### [Task prompt]
Among the entries below, find the lines with the word "Casa" and return them.
----
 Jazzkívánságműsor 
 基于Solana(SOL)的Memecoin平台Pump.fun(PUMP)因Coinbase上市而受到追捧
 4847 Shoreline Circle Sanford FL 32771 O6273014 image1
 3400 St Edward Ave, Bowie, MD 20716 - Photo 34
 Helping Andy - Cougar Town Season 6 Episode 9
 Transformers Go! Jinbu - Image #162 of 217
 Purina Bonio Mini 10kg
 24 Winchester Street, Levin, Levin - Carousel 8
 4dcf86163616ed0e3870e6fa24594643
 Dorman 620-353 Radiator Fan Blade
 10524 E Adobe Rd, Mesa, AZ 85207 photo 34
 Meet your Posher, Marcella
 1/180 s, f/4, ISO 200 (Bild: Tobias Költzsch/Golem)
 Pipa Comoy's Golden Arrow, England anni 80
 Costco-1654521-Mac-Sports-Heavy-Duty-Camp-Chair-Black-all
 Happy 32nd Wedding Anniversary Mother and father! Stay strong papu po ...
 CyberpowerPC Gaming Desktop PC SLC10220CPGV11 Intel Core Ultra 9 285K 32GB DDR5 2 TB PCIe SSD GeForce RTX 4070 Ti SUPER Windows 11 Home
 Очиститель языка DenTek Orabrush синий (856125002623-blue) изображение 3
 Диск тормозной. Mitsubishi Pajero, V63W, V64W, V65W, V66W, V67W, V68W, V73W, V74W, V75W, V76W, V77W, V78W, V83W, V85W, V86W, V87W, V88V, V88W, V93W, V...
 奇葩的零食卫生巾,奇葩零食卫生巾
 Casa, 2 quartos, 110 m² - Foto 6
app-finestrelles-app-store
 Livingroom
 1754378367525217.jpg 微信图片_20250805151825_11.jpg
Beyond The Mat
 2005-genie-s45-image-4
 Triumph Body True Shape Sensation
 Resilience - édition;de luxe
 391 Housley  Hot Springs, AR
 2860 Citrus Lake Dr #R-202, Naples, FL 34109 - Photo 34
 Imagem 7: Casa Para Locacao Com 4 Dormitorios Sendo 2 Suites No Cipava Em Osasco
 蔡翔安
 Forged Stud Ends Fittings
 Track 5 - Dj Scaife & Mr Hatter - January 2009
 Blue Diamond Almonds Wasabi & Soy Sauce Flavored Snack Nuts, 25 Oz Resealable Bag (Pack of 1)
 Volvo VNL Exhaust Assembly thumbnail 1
----
### [Solution to this exercise]
 Casa, 2 quartos, 110 m² - Foto 6
 Imagem 7: Casa Para Locacao Com 4 Dormitorios Sendo 2 Suites No Cipava Em Osasco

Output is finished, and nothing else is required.